We are seeking a Lead DevOps Engineer to design, operate, and continuously improve the AWS platform that powers a custom VDI platform and cloud playtesting/streaming platform. This is a primarily individual contributor role that requires strong ownership and the ability to work independently while collaborating with one other team member and customer stakeholders. You will be responsible for infrastructure-as-code, container platforms, automation, CI/CD standardization, cost/performance optimization (including GPU instances), and leading troubleshooting during platform-wide degradations.
Responsibilities
- Design, build, and maintain AWS infrastructure using Terraform
- Management of Terraform workflows and remote state using HashiCorp Cloud Platform (HCP)

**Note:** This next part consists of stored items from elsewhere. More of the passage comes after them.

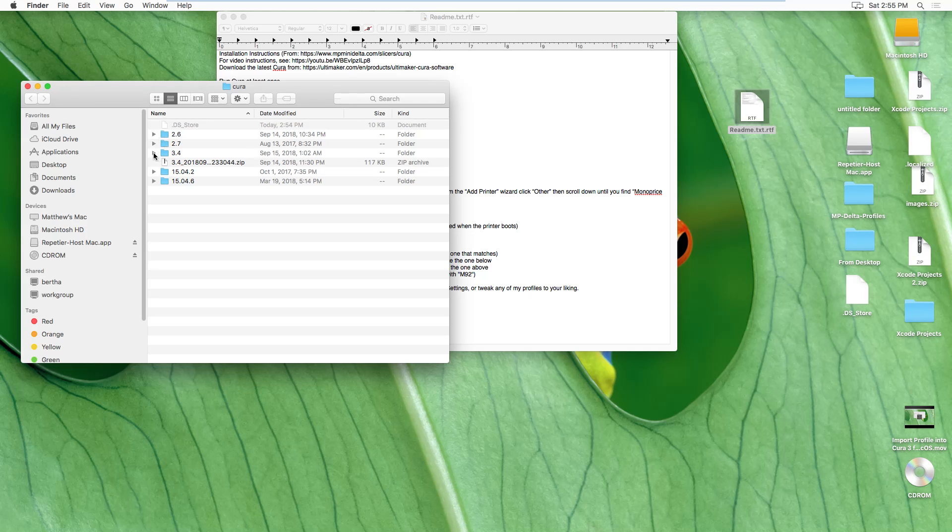This will take you to your current user directory, or home directory for that user, to the folder you want to be at.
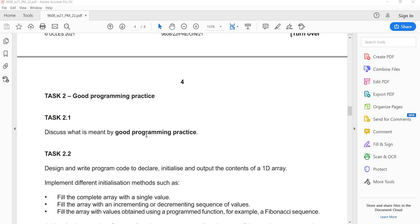In this video session I will solve paper 9608 W21, that is October November 2021. I am going to start task 2 because task 2 and task 3 are more related to programming and have more concepts, that's why I am going to prepare this.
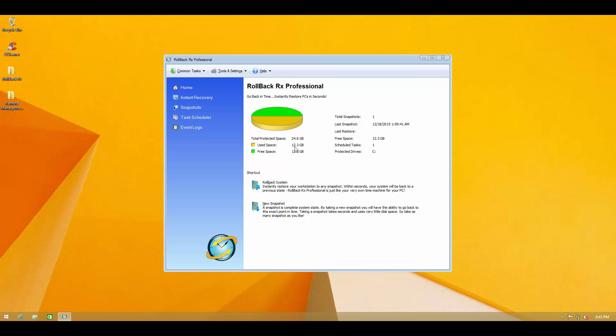So 12.3 gigabytes is used and 12.3 gigabytes is free. And it shows the protected drives. Right now it's just the C drive because that's the only drive we have on the system but if you have multiple you can add them here as well. And we have two shortcuts, one to rollback the system or to create a new snapshot.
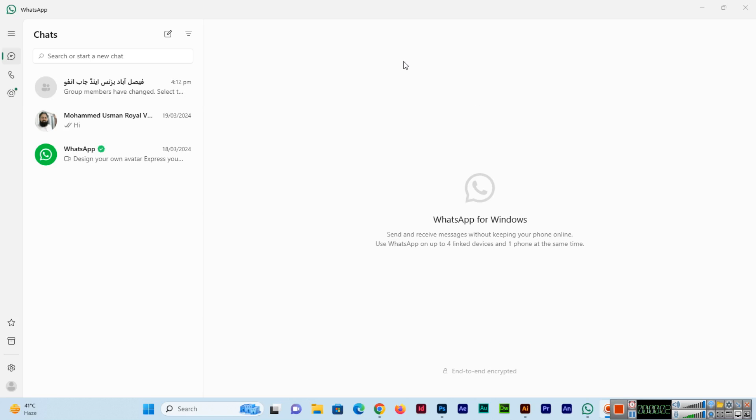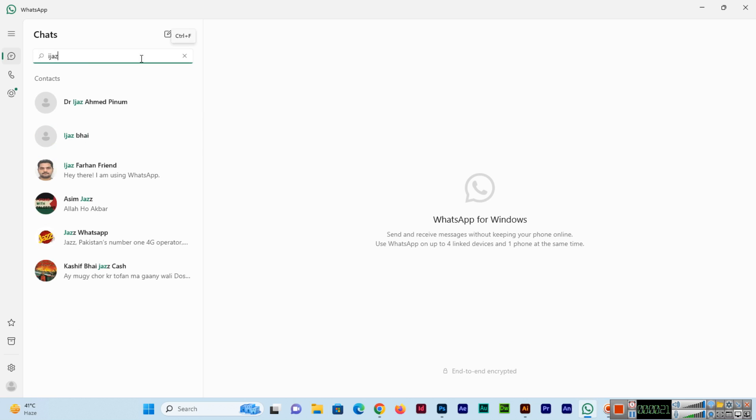Welcome to my channel. In this video I will teach you how to send WhatsApp message without saving phone number. If you want to send message to unsaved number, you can easily send. Before it was not enabled in WhatsApp, but now it's enabled. You can see by name we can easily send.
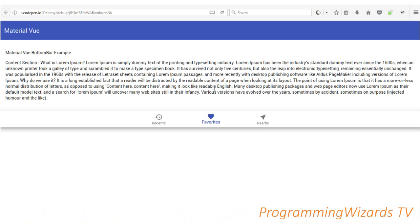Hey guys, welcome to your programming tutorials. Today we're continuing with the Vue.js tutorials. We're going to see how to work with a Material Design bottom bar. At the top we have our toolbar, and at the bottom we have our bottom bar, with a content section in between.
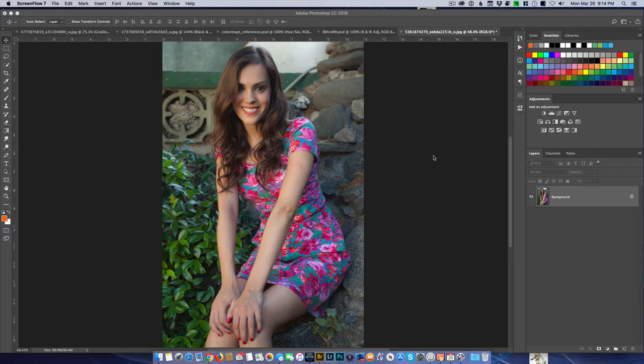Hey everybody, Len Erickson here with another Purveyor of Light quick tip. A lot of us spend a lot of time in Lightroom and Photoshop and we sometimes forget that there's a dozen different ways to do the same feature. One of the things I'm talking about today is actually converting your photographs into black and white, and a lot of people don't think it makes any difference which method you use — but I'm going to show you that how you convert to black and white is probably more important than anything else you could do with your photograph.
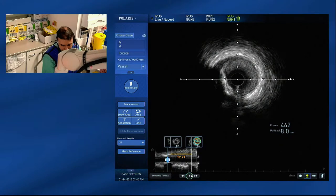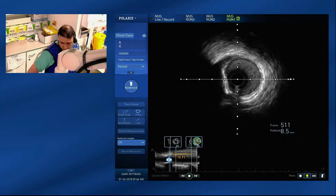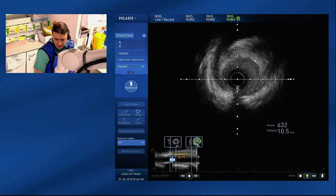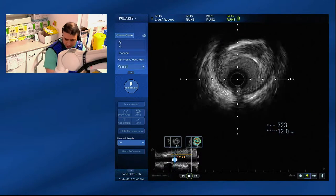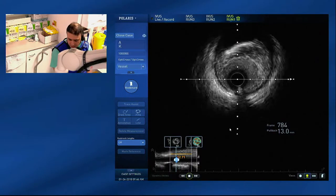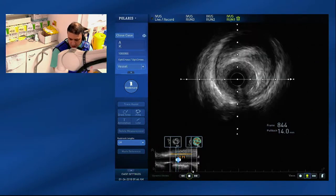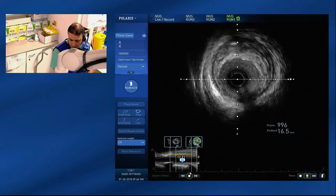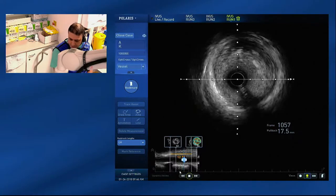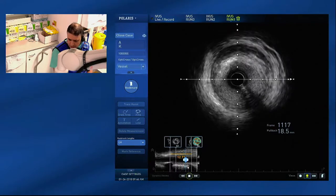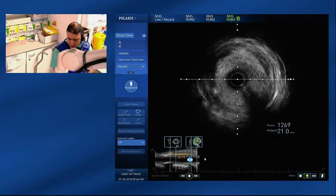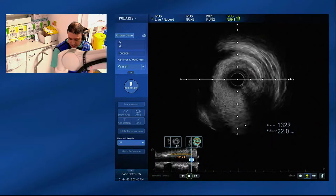This is the IVUS pullback starting from the distal diagonal coming to the left main stem. We've just passed the origin of the LAD and are coming back to the Circumflex. There is a fibrotic plaque which does not cause significant stenosis. This is now the origin of the Circumflex coming at 6 o'clock. We'll show you a bit more of the origin of the LAD.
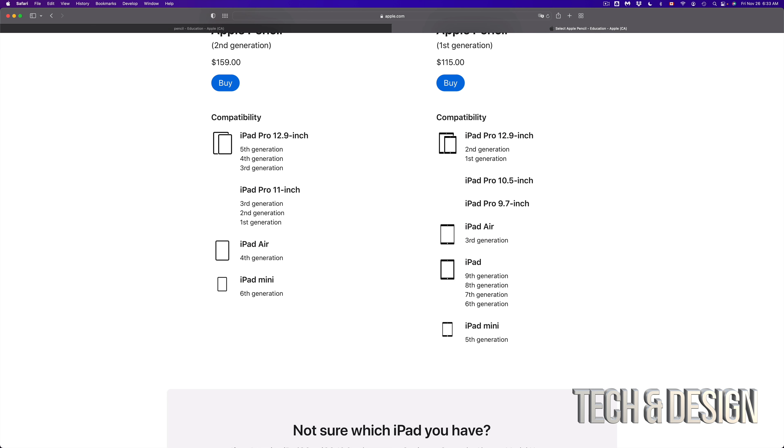Anything underneath that. So second generation, first generation will not work. And then iPad Pros. Well, the first generation does work. The second generation works as well for an iPad Pro, the 12.9 inch.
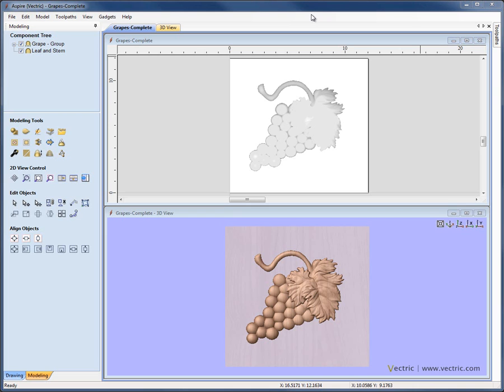So as we mentioned at the start of this video, there are certain functions within Aspire that will only act on a single component. And therefore, if we choose one of those functions while we have more than one component selected, the software will require to bake that into a single object.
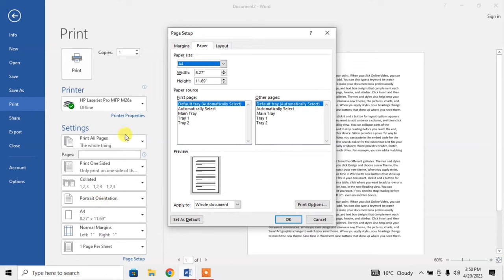So, this is how you can change or adjust page size according to your need in Microsoft Word while you are printing. If this video helps you in any way, please subscribe to my channel and hit the like button. Thanks for watching. Thanks for your time. Goodbye.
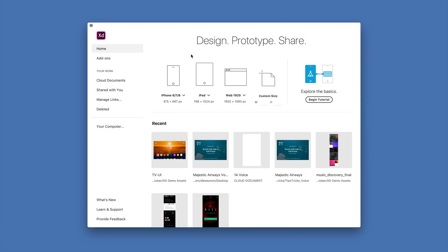With the latest cloud document features in Adobe XD, working with and sharing XD designs has never been easier. Let me take you through a few of these new capabilities.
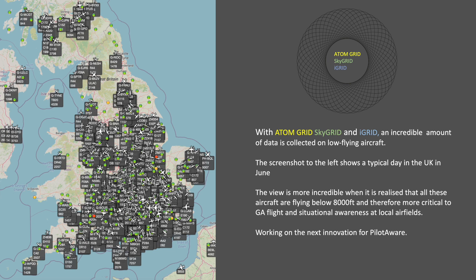When combining the data collected directly by the AtomGrid, by SkyGrid and by iGrid, the PilotAware network and servers collect an amazing amount of data on low-flying aircraft. This screenshot shows an instantaneous snapshot taken on a typical day in June 2022. All aircraft shown are below 8,000 feet and therefore are of interest to general aviation airspace. All this data is available for tactical and strategic situation awareness via PilotAware. The progress made by PilotAware is amazing and we're working on the next innovation, so watch this space.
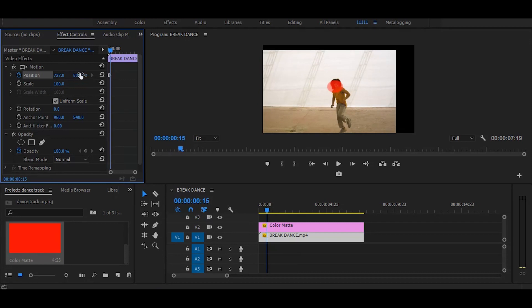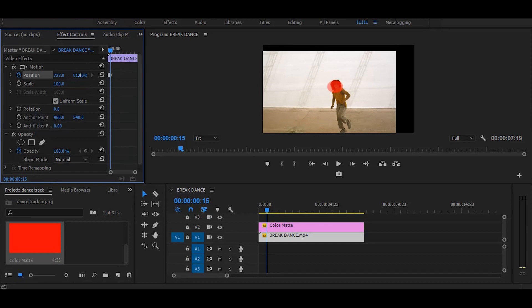If you want better results than this, you should try the stabilize motion option in After Effects.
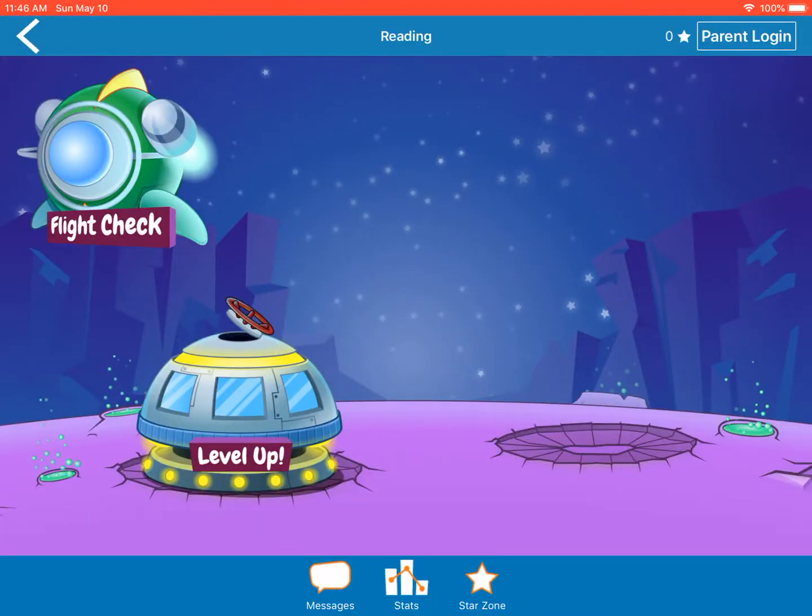You'll have a screen that looks like this, with options: Star Zone, Stats, Messages, Level Up, and Flight Check. Click on Flight Check.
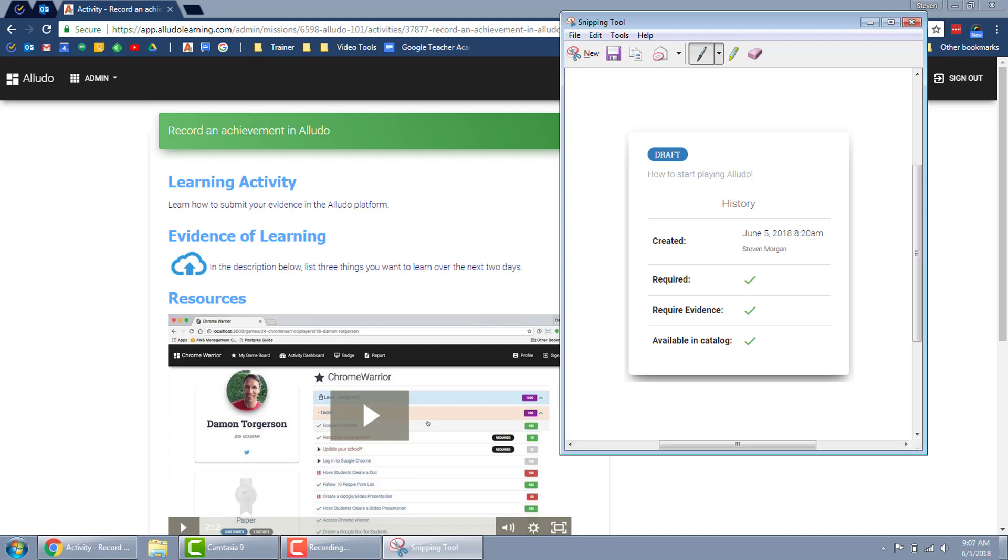Once I go back to my desktop it will be there ready for me to use in whatever way I need it to be, and that is how you take a screenshot using the Windows snipping tool.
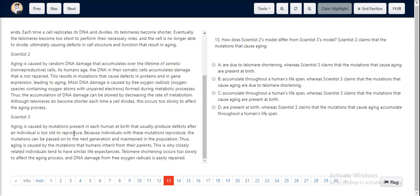Scientist 3 claims that these mutations are present in each human at birth. If you look at the options, options B and C both state that the mutations causing aging, based on Scientist 2's claim, accumulate throughout a human's lifespan — and this is true. Hence options A and D are eliminated.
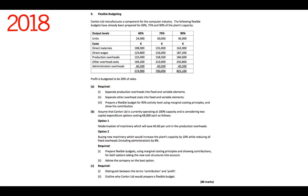Unlimited manufactures a component for the computer industry. The following flexible budgets have already been prepared for 60%, 75%, and 90% of the plant's capacity. The output levels are 24,000, 30,000, and 36,000 units. Direct materials are 108,000 at 60%, 135,000 at 75%, and 162,000 at 90%, and it goes on like that. Profit is budgeted to be 20% of sales.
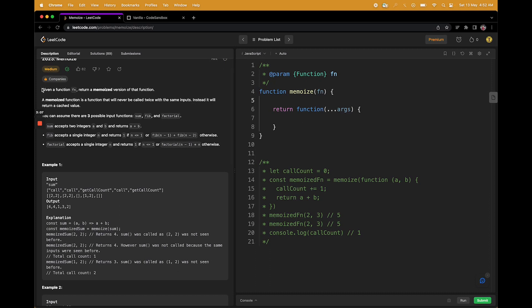Coming back to the question, we are given a function fn and we have to return a memoized version of that function. This is again a higher order function, which we have learned in our previous videos. The memoized function is one that will never be called twice with the same inputs. As I've told before, it totally depends on input. If your inputs are changing, we have to calculate again. But if you are getting the same inputs, it doesn't make sense to calculate again and again.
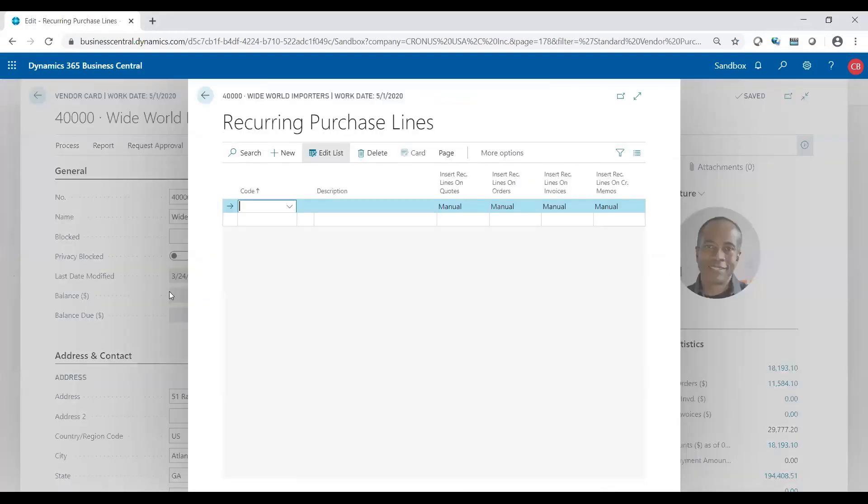When you want to create an order repetitively over and over, this helps the user not have to re-enter it at a manual basis line by line, and it keeps and stores what you typically purchase at a periodic basis.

- Ownership of the infrastructure lifecycle including provisioning, upgrades, decommissioning and operational hygiene
- Operation of ECS clusters to deploy and operate microservices supporting the platforms
- Operation of EKS clusters used to host and enable GitHub Actions runners, including required platform customizations
- Right-size and tune GPU-enabled EC2 capacity to balance user experience with strict cloud cost controls
- Continuous assessment of scaling behavior, utilization and performance bottlenecks
- Implementation and maintenance of AWS Lambda functions for automation such as cleanup tasks, on-demand provisioning and operational workflows
- Standardize and optimize GitHub Actions pipelines for Terraform plan/apply workflows, infrastructure releases and container image build/publish/deploy processes
- Lead troubleshooting and restoration efforts for platform-wide issues such as VDI session drops, authentication issues and machine/storage failures
- Coordination of incident resolution across teams through investigation, mitigation and follow-up actions
- Creation and maintenance of run books, operational documentation and onboarding materials
Requirements
- 5+ years of experience in DevOps or platform engineering roles
- Expertise in AWS infrastructure design, provisioning and lifecycle management
- Proficiency in Terraform and HashiCorp Cloud Platform (HCP)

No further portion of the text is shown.